2 Responses to CAPTCHA images and your website

  1. Thanks for commenting Zac,
    Theres no doubt in my mind that the Crayola Captcha was easy to read. A handful of people out of thousands complained about its ease of use. But the guy that signs our paychecks decided it was too ugly and therefore we changed to captcha 2. Crayola captcha was indeed ugly, but effective, regardless of case or actually being a real word. All of the captchas I’ve built are based on a string of possible characters, with characters such as 1, l, i, etc stripped out so that there is no way to confuse such characters with another that looks like it.

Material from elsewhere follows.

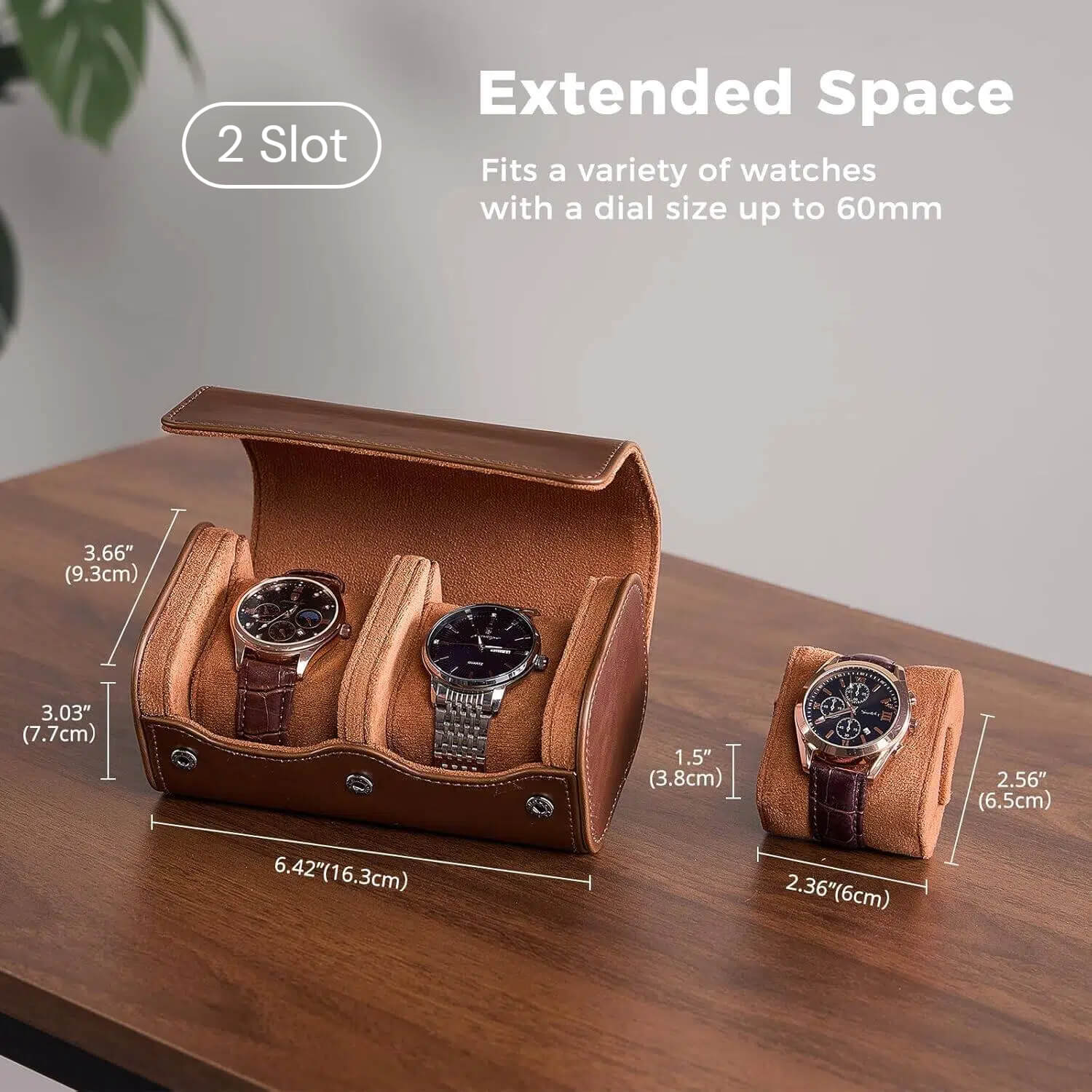 PU Leather Watch Roll Box for Men, Portable Watch Holder Organizer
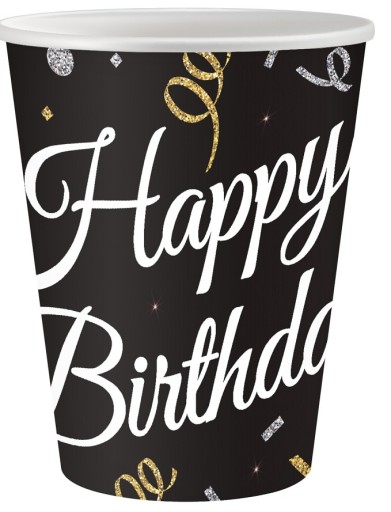 Čierne papierové poháre Happy Birthday, 6 kusov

    Math questions as captchas are, in my experience, about as crackable as a static word inside a p tag. I’ve been urged to try them out, and they nearly always fail. And you’re right about brute force attacks, as most people don’t want to be bothered by answering 521671+314229/99 * (6296+302-619), squared, and therefore they’ll be a simple math problem which results in a grand total of 100 possible answers, which could be brute forced in about 1/1,000,000 of a second on any PII processor with 4mb RAM.

    I wish we were that creative and ironic though Zac. The reason we don’t use any kind of Captcha on our blogs (or our clients blogs for that matter) is because we use a service called Askimet, which stops spam in its tracks without the use of a capatcha or other security device. Go check it out, especially if you have a blog!

    Eric | October 17, 2008at 3:17 pm

  2. As long as the “Crayola” captcha results in a real word (as yours shows “insane”), it’s very easy for a human to determine the answer. For example, if I couldn’t quite tell if the first letter was an “l” or an “i,” the second choice is obvious since there’s no English word “lnsane.” It’s when the captcha is simply a string of random letters (or letters plus numbers) that people have problems — too many letters look like other letters if they’re distorted enough, and also depending upon the font in use.

    I’ve also seen math questions employed, such as, “What is four plus three (type the numerical answer in the box below).” At first glance this would seem to be very effective, especially since the addends are spelled out rather than expressed in numbers. But I also wonder if a brute-force attack might defeat it, since I don’t recall seeing anything beyond a single digit answer. Thoughts?

    I also found it curious that my ability to post a comment here was unrestricted by the use of a captcha. Irony in play?